BEGIN Data excerpts

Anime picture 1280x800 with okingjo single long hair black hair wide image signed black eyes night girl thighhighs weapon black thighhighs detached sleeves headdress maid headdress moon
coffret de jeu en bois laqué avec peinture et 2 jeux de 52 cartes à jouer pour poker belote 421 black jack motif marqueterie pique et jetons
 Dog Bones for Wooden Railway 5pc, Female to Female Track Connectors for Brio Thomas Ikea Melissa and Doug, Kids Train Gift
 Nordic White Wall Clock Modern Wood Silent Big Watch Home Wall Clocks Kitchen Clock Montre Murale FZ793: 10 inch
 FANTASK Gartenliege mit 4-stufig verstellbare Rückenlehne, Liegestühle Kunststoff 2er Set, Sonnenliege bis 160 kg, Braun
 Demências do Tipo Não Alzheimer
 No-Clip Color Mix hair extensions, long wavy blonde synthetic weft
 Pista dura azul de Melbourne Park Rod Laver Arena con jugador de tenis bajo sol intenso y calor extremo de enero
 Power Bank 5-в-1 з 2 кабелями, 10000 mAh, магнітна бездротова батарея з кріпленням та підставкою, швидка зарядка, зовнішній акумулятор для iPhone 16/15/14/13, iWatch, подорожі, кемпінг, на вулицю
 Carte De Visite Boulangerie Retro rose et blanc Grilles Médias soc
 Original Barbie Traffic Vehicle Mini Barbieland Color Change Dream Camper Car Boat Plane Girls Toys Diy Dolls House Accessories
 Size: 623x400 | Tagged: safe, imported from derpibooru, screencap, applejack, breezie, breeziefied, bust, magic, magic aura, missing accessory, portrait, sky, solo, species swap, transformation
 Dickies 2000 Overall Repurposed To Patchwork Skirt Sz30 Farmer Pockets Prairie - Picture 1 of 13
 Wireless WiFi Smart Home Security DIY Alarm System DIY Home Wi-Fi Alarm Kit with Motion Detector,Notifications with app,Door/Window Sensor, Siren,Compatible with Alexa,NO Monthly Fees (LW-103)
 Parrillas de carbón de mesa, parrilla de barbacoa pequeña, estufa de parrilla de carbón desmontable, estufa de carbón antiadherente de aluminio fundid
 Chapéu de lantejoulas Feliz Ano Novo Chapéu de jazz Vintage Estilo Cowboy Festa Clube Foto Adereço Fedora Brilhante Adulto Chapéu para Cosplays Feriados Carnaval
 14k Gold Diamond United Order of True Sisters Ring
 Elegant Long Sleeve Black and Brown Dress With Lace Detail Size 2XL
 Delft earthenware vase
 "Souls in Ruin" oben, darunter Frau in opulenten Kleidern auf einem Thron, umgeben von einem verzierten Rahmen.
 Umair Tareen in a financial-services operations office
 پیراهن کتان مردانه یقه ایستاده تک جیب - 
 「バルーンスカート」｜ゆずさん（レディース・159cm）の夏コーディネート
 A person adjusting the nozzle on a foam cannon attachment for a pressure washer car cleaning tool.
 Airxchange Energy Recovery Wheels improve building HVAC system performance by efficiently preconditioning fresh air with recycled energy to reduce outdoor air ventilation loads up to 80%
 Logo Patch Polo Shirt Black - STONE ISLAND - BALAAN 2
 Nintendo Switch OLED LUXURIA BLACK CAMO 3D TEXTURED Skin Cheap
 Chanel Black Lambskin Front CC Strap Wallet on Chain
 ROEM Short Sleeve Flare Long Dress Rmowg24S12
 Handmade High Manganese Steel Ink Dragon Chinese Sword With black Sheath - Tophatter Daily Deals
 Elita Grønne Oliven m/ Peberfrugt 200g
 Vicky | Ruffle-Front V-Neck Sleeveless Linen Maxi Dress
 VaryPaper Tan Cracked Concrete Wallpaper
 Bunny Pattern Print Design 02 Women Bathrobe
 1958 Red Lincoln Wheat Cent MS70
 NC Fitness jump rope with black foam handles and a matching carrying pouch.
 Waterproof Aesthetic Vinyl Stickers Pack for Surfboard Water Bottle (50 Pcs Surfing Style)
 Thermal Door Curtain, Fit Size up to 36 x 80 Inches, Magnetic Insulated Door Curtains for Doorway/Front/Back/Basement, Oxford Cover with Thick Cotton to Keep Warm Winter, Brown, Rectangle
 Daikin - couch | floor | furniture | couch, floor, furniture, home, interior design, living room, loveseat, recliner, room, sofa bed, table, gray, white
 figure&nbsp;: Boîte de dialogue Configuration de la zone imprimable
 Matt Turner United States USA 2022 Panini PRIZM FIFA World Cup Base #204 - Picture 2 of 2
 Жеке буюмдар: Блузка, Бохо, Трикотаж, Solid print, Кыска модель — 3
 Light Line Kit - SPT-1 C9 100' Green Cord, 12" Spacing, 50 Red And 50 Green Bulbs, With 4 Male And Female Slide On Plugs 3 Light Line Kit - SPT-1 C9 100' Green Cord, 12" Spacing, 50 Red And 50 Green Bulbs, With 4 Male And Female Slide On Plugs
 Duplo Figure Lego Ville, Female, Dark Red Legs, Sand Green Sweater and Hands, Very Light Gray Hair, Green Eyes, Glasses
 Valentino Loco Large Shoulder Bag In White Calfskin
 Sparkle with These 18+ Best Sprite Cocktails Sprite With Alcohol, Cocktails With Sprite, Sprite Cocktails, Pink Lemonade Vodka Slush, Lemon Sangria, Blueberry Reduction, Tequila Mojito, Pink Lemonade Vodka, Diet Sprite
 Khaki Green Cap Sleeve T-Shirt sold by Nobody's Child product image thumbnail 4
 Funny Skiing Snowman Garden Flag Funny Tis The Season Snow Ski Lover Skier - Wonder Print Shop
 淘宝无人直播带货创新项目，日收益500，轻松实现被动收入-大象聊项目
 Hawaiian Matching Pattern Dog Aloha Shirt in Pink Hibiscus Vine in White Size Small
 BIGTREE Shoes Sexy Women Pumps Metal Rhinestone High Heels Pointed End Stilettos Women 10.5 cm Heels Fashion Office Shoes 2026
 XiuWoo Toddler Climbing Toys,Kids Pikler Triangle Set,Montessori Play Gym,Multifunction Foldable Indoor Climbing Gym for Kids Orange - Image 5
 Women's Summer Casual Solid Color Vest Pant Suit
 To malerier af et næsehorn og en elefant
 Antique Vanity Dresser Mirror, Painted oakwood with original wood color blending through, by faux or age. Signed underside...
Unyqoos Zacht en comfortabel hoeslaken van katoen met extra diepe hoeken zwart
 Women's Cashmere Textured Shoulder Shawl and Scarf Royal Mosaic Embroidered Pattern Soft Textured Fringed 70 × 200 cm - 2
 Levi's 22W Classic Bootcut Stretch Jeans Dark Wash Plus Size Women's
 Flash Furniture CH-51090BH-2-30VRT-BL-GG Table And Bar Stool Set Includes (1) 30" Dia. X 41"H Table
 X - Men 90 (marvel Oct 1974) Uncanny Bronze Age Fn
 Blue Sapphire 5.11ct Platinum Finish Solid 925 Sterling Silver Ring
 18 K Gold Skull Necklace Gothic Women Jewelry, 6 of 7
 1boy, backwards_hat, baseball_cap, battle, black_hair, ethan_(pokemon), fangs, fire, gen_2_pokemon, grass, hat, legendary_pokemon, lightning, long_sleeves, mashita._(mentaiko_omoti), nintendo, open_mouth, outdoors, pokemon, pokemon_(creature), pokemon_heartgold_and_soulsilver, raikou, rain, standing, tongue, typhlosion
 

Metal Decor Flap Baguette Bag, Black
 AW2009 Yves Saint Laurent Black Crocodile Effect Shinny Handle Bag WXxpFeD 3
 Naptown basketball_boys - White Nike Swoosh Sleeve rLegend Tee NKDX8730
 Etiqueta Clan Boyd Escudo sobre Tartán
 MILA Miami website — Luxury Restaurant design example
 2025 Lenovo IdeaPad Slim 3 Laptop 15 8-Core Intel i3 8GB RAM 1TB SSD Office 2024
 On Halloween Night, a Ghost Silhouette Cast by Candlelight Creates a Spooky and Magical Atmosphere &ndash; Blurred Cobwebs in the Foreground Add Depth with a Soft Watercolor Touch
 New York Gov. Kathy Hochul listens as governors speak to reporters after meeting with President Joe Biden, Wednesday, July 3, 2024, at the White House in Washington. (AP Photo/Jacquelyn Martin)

END Data excerpts

> [Instructions to follow]:
Looking at the data above, write out exactly the lines that start at the one containing "Naptown basketball_boys - White" and end at the one containing "2025 Lenovo IdeaPad"; include both and nothing beyond.

> [Finished exercise]:
 Naptown basketball_boys - White Nike Swoosh Sleeve rLegend Tee NKDX8730
 Etiqueta Clan Boyd Escudo sobre Tartán
 MILA Miami website — Luxury Restaurant design example
 2025 Lenovo IdeaPad Slim 3 Laptop 15 8-Core Intel i3 8GB RAM 1TB SSD Office 2024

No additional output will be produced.